I finally got some time this afternoon to give a (relatively) quick test of Omnivocal. I decided to use the U.S. national Anthem, “The Star-Spangled Banner”, both because I wanted something in the public domain, and because it is one of those songs that can be a challenge for real singers.
I started by playing a quick one-take piano accompaniment, unfortunately on my 61-key keyboard controller and playing to a click. Not great for a piano part, and I made a few mistakes that I had to edit by hand since it would be impossible to overdub based on how rough everything was. I specifically picked the key I would do the song in, which led to my creating the Omnivocal part with the male “singer” for range reasons.

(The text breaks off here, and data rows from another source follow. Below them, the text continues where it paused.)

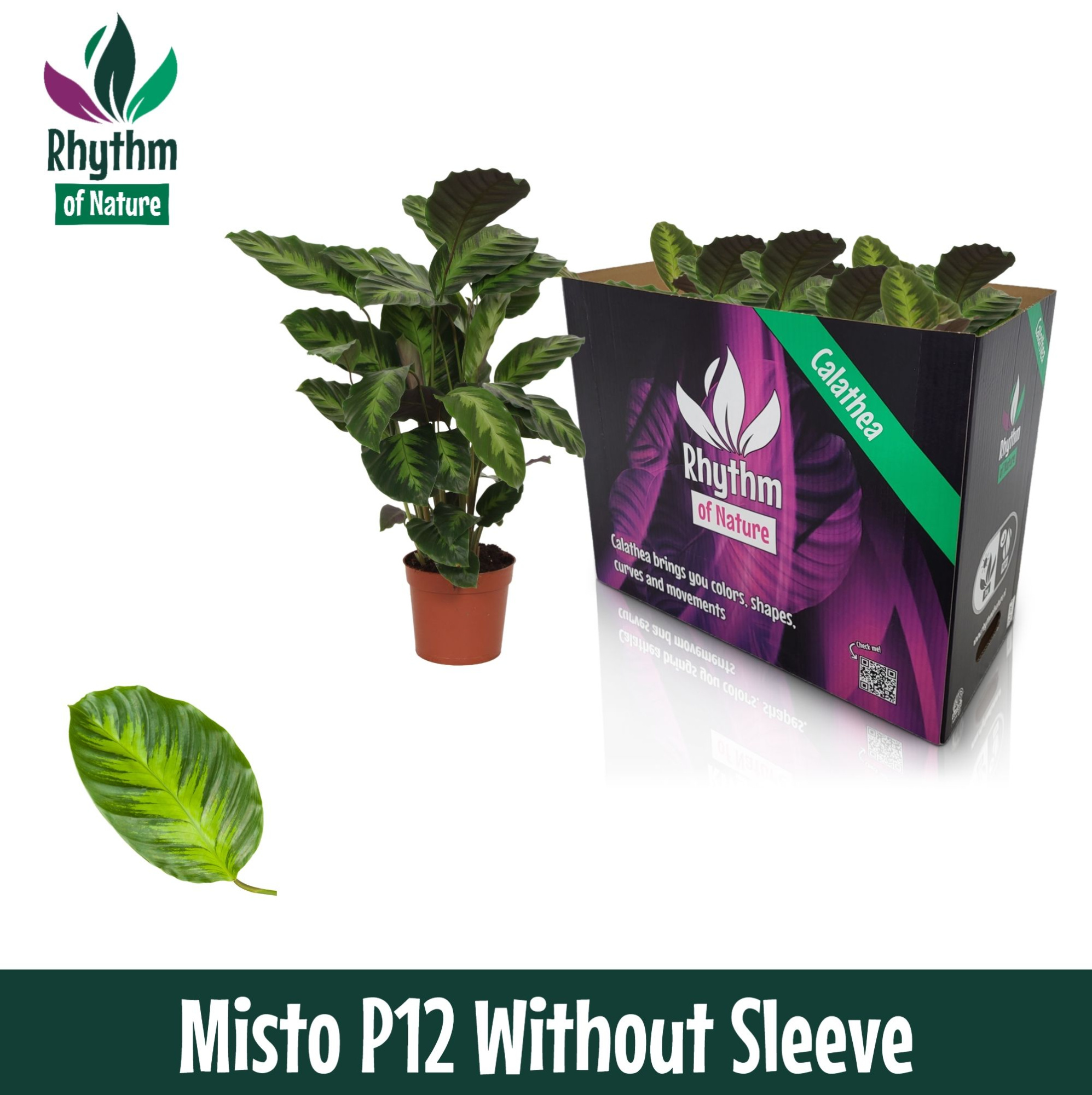 Calathea 12cm Misto Rhythm of Nature zonder hoes, D 12 cm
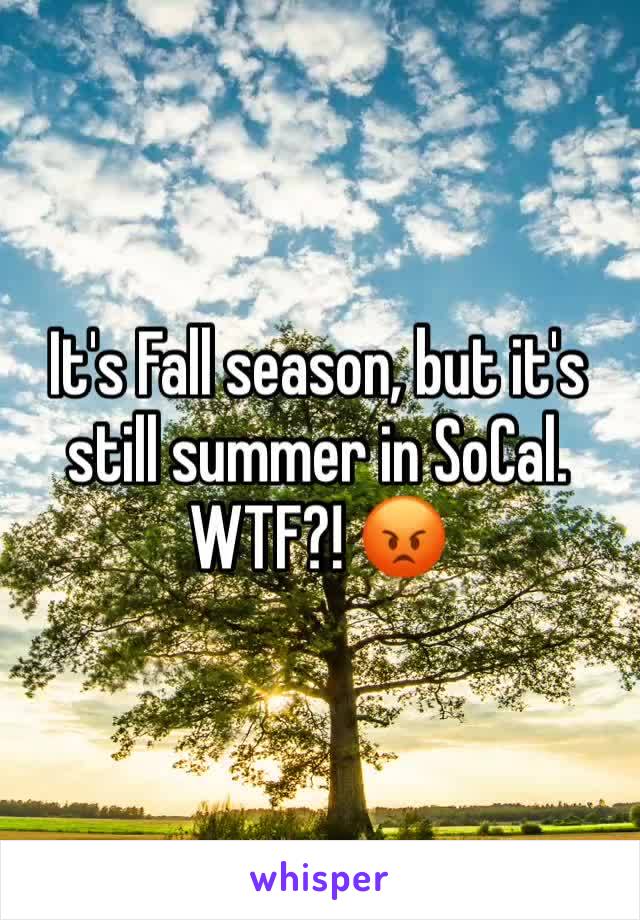 It's Fall season, but it's still summer in SoCal. WTF?! 😡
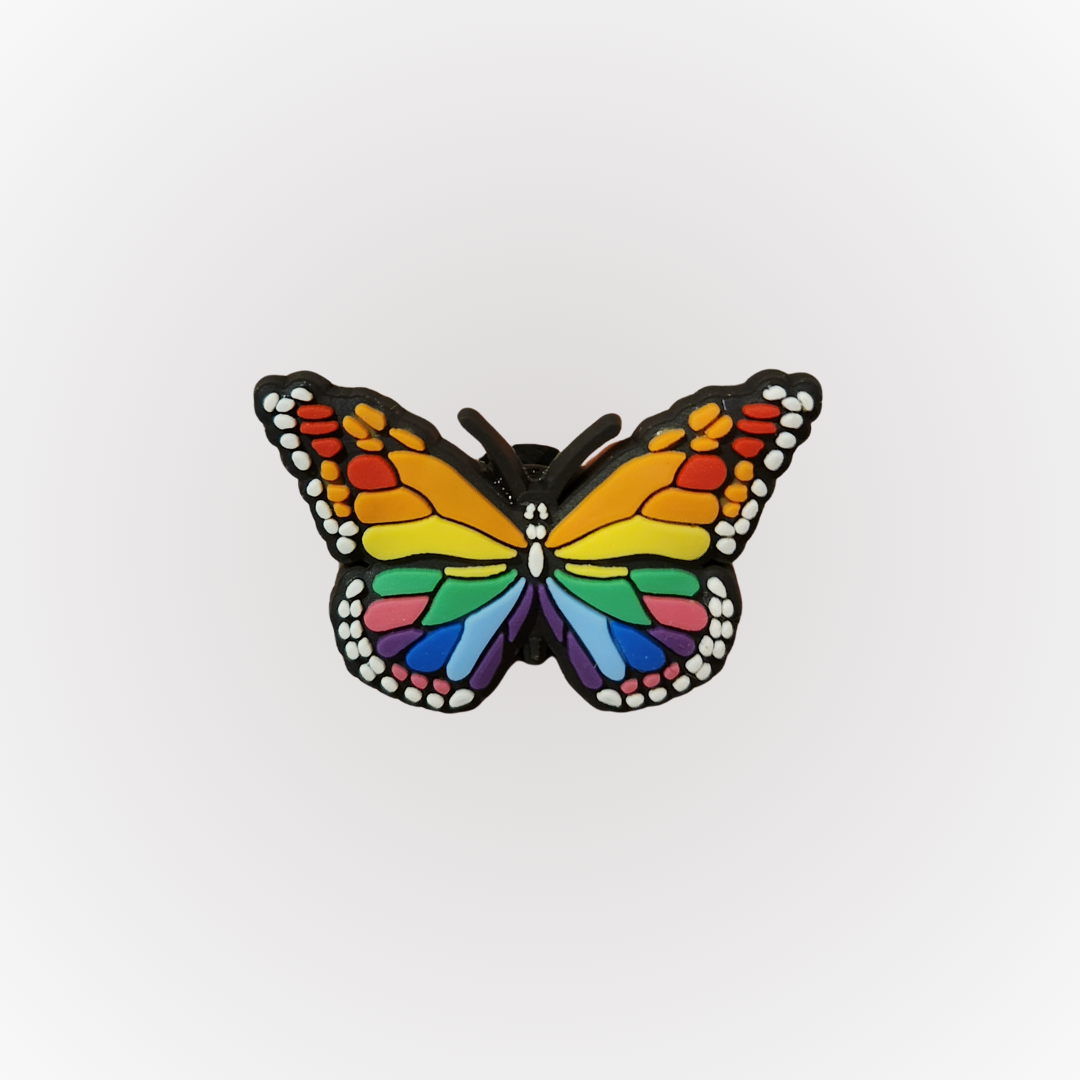 Rainbow Flutter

After that, I overdubbed the melody, again just playing live, to get the notes in. I made a few mistakes, but cleaned those up in editing and also tweaked some of the timings later on to try and improve how lyrics sat against the melody.
It was decidedly challenging getting the lyrics in because Omnivocal couldn’t transliterate some of the words to its phonetic spellings, and, sometimes, even when it could, it wasn’t the pronunciation that worked for me. Thus, I spent a fair amount of time entering phonetic spellings directly, including working around some things that looked right, but didn’t sound right. For example, on a number of occasions, I ended up adding an extra consonant (e.g. a double “T”) on the front or back of a word because the obvious “spelling” felt like it was dropping the consonant. Other times, that didn’t work, so I’d do something else to work around it, like force a breath afterward.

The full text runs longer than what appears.